NovelToon NovelToon
Menikahi Cucu Diktator

Menikahi Cucu Diktator

Status: sedang berlangsung
Genre:Pengantin Pengganti / Percintaan Konglomerat / Trauma masa lalu
Popularitas:9.5k
Nilai: 5
Nama Author: khayalancha

Di balik gaun pengantin dan senyuman formal, tersembunyi dua jiwa yang sejak lama kehilangan arti cinta.

Andre Suthajningrat—anak dari istri kedua seorang bangsawan modern, selalu dipinggirkan, dibentuk oleh hinaan dan pembuktian yang sunyi. Di balik kesuksesannya sebagai pengusaha real estate, tersimpan luka dalam yang tak pernah sembuh.

Lily Halimansyah—cucu mantan presiden diktator yang namanya masih membayangi sejarah negeri. Dingin, cerdas, dan terlalu terbiasa hidup tanpa kasih sayang. Ia adalah perempuan yang terus dijadikan alat politik, bahkan oleh ayahnya sendiri.

Saat adik tiri Andre menolak perjodohan, Lily dijatuhkan ke pelukan Andre—pernikahan tanpa cinta, tanpa pilihan.

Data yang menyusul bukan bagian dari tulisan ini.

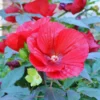 Hardy Hibiscus Plants Live Red Flower Plant 4-6 Inches Tall for Garden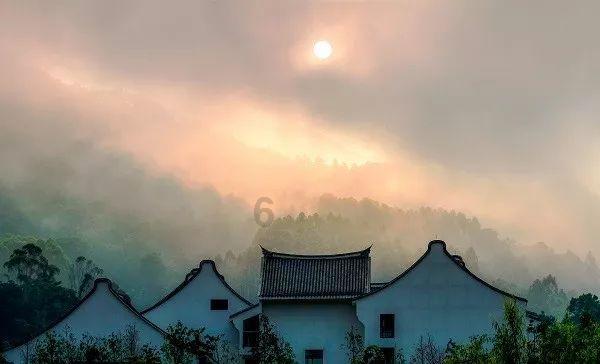 一路走好！“青年诗人”牛涛因抑郁症去世，年仅30岁！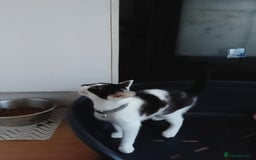 Domestic Shorthair cats for sale: Gorgeous boy kitten for sale in Ashford - Image 10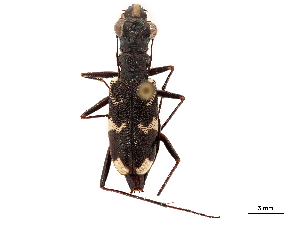  (Distipsidera undulata - CCDB-30441-B01)  @11 [ ] CreativeCommons - Attribution (2018) Smithsonian Institution Smithsonian Institution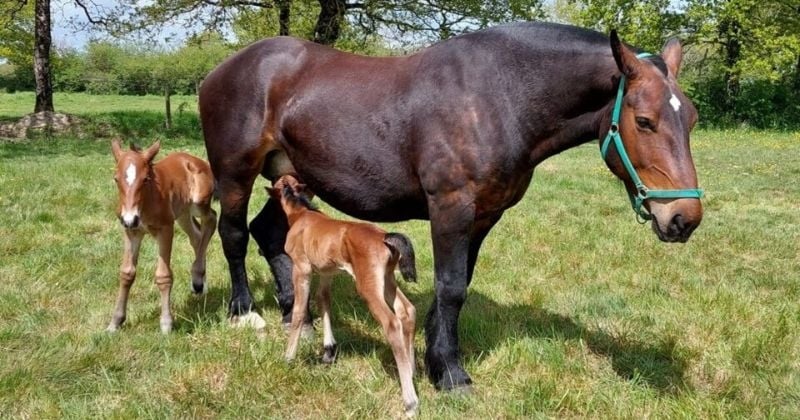 Une jument met au monde des jumelles pouliches en Loire-Atlantique, un événement rarissime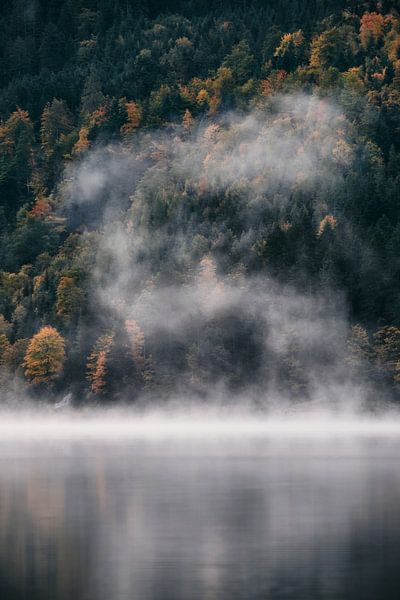 Alpes par Marvin Schweer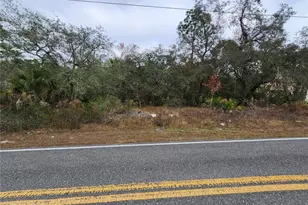 10548 Noddy Tern Rd, Weeki Wachee, FL 34613 - Photo 1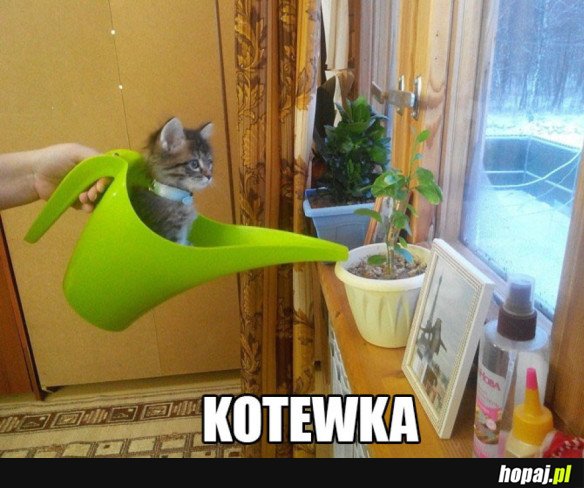 KOTEWKA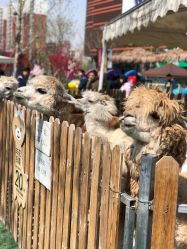 -萌宠亲子动物乐园(槐房万达店)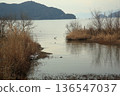Scenery on the shore of Lake Biwa 136547037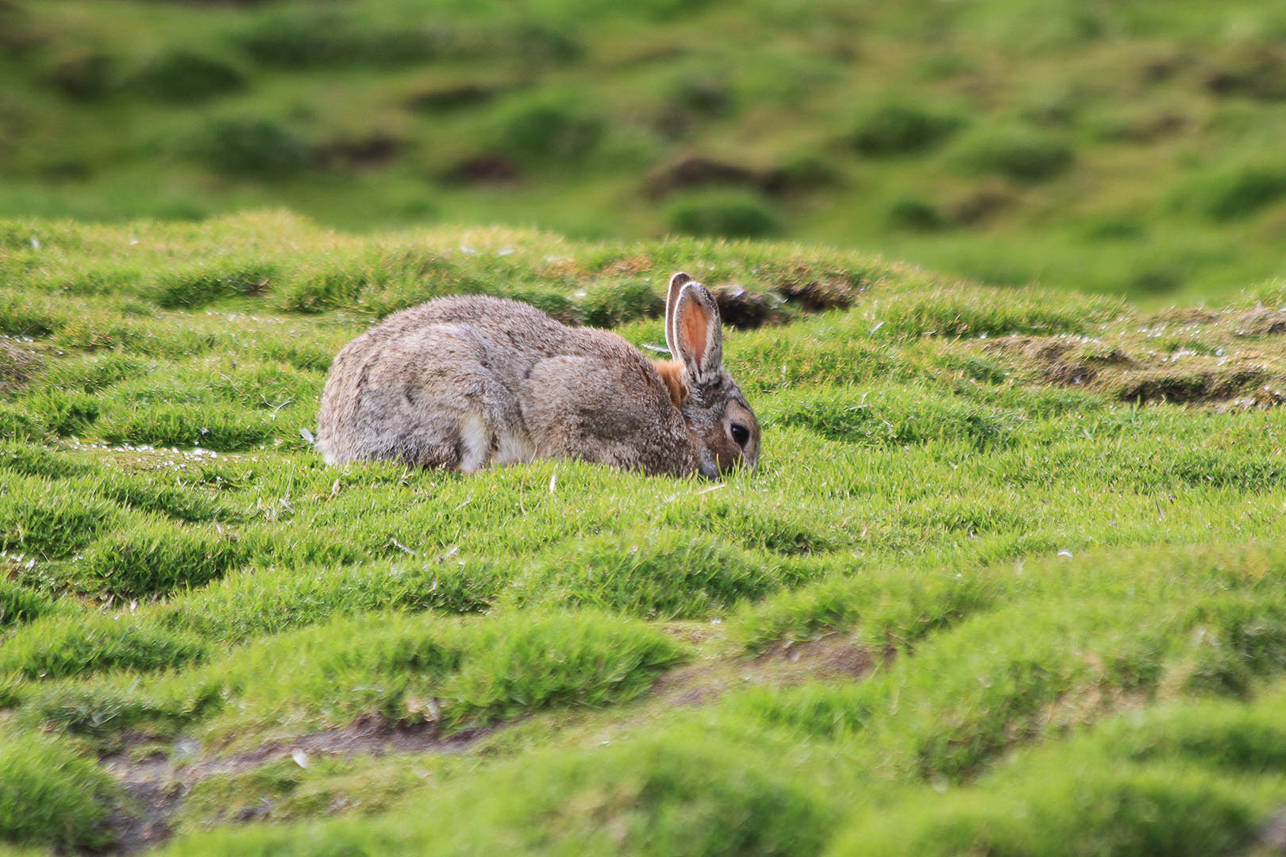 Rabbit, a threat to other wildlife, at Macquarie Island (waiting for the eradication program)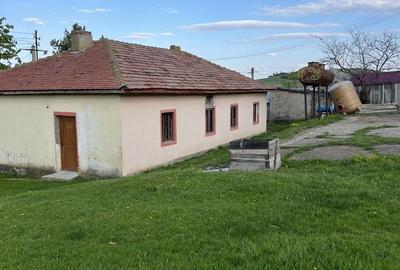 Spațiu comercial, în Ceplenița - 2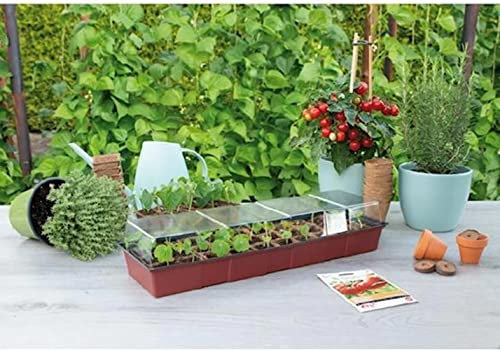 SOGO venterbank Serre avec 30 Pots de Tourbe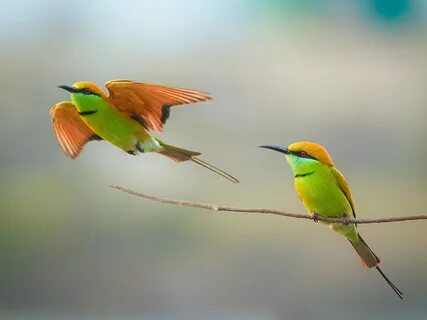 X birds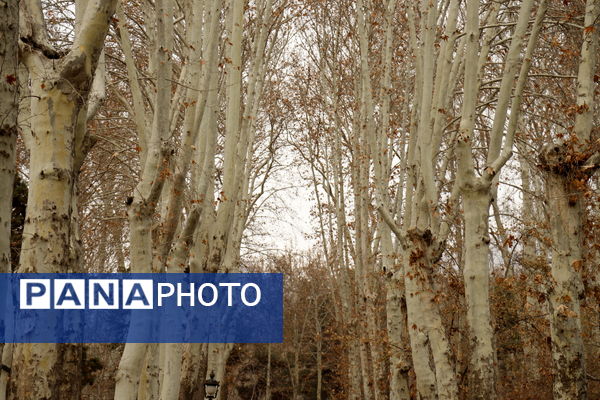 خلوت سرای پاییزی سعدآباد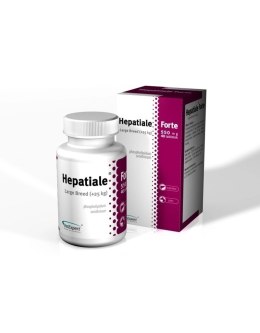 VETEXPERT VETEXPERT Hepatiale Forte Large Breed 40 Tabletek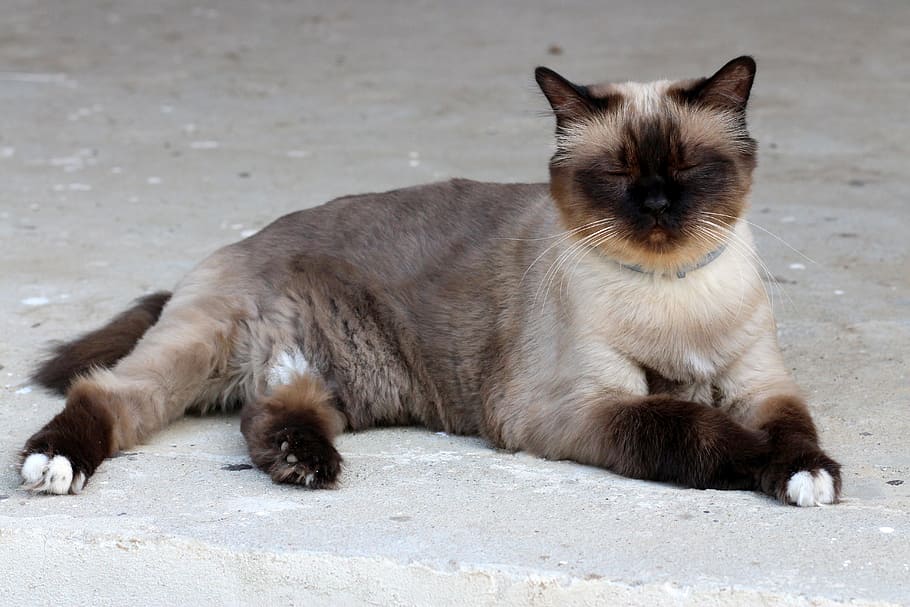 dark colored point siamese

Namun di balik kehampaan itu, keduanya menemukan cermin dari luka masing-masing. Intrik keluarga, kehancuran bisnis, dan bayang-bayang masa lalu menjerat mereka dari segala sisi. Tapi cinta… tumbuh di ruang-ruang yang retak.

Bisakah dua orang yang tak pernah dicintai, akhirnya belajar mencintai?

Karya ini diterbitkan atas izin NovelToon khayalancha, isi konten hanyalah pandangan pribadi pembuatnya, tidak mewakili NovelToon sendiri

Bab 34

Interior mobil senyap saat mereka meluncur pelan meninggalkan rumah keluarga Suthajningrat. Lampu jalan menyapu wajah Andre yang duduk bersandar di kursi penumpang, matanya memejam separuh, tangan kanannya masih dilumuri darah yang mulai mengering, sementara Lily menyetir dengan rahang mengeras.

Tak ada musik. Tak ada suara.

Hanya ketegangan tipis yang melayang-layang di antara mereka.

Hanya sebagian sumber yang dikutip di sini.